- _EXERCISE AIM_
Your job is to set down the stretch of entries that opens with the line containing "Zara ♥ Baking PAPAYABANANA SMOOTHIE..." and closes with the line containing "Vláda hledá peníze". Keep both end lines, copy each exactly, and add nothing.

- _MATERIAL FOR THE TASK_
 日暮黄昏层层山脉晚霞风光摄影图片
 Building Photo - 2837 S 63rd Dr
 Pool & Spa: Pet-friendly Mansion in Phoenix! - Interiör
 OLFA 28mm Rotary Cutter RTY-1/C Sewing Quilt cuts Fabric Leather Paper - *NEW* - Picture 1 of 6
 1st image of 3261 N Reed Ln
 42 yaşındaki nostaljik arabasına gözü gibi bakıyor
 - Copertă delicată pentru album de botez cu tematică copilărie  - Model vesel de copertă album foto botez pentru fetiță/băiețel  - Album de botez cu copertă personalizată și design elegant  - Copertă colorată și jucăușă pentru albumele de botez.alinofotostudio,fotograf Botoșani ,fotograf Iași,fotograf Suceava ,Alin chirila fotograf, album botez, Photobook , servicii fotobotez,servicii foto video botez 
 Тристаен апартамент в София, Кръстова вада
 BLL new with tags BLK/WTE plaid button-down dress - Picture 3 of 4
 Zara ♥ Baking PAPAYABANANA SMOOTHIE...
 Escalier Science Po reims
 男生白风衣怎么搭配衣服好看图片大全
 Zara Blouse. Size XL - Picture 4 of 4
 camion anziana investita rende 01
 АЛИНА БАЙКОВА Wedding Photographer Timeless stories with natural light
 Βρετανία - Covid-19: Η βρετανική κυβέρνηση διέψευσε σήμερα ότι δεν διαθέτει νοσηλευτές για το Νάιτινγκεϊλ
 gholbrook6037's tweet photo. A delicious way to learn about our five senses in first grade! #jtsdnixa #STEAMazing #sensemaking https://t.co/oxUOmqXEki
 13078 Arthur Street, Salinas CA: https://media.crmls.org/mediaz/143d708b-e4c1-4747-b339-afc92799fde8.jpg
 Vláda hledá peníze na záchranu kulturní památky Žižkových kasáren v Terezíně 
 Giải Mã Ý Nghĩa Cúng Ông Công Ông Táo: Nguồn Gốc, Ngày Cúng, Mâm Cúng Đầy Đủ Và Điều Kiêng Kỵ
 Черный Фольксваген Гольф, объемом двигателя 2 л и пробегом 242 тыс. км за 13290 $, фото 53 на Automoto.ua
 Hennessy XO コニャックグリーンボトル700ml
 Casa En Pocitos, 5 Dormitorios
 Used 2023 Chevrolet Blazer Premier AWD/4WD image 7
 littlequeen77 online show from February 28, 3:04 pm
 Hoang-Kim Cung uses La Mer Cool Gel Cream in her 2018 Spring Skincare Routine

- _ANSWER TO THIS EXERCISE_
 Zara ♥ Baking PAPAYABANANA SMOOTHIE...
 Escalier Science Po reims
 男生白风衣怎么搭配衣服好看图片大全
 Zara Blouse. Size XL - Picture 4 of 4
 camion anziana investita rende 01
 АЛИНА БАЙКОВА Wedding Photographer Timeless stories with natural light
 Βρετανία - Covid-19: Η βρετανική κυβέρνηση διέψευσε σήμερα ότι δεν διαθέτει νοσηλευτές για το Νάιτινγκεϊλ
 gholbrook6037's tweet photo. A delicious way to learn about our five senses in first grade! #jtsdnixa #STEAMazing #sensemaking https://t.co/oxUOmqXEki
 13078 Arthur Street, Salinas CA: https://media.crmls.org/mediaz/143d708b-e4c1-4747-b339-afc92799fde8.jpg
 Vláda hledá peníze na záchranu kulturní památky Žižkových kasáren v Terezíně 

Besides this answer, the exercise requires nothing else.